Added Support for Custom Quantization #35915

keetrap · 2025-01-27T17:49:16Z

This PR adds a new feature to support custom quantization in the Transformers library.

Did you read the contributor guideline,
Was this discussed/approved via a Github issue

… into Custom_Quantization

HuggingFaceDocBuilderDev · 2025-01-28T11:01:07Z

The docs for this PR live here. All of your documentation changes will be reflected on that endpoint.
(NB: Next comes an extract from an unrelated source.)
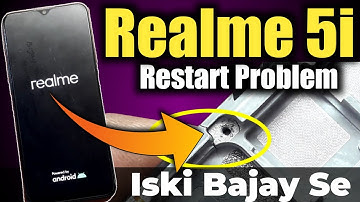 Realme 5i Restart Problem | How To Fixed Realme 5i Restart Problem | Drop-Down Hendset Ki Ye Problem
The docs are available until 30 days after the last update.

MekkCyber · 2025-01-28T11:05:54Z

Hi @keetrap, Thanks for PR ! It looks great and it's a very handy feature for the community ! I just left some very small nits

MekkCyber · 2025-01-28T10:40:43Z

custom_quant_example.py

+@register_quantization_config("custom")
+class CustomConfig(QuantizationConfigMixin):
+    def __init__(self):
+        self.quant_method = "custom"
+        self.bits = 8
+
+    def to_dict(self) -> Dict[str, Any]:
+        output = {
+            "num_bits": self.bits,
+        }
+        return output
+


I am not sure if the example should be here, maybe we can add some doc about it, wdyt @SunMarc

Let's put it in the transformers/examples/quantization folder. Also can you try to do a complete example e.g implementing a 8-bit quantization ?

Can you also add a doc about this new feature in the quantization ?
Maybe add a quick description in the overview docs and potentially update the following doc or create a new section called Custom Quantization.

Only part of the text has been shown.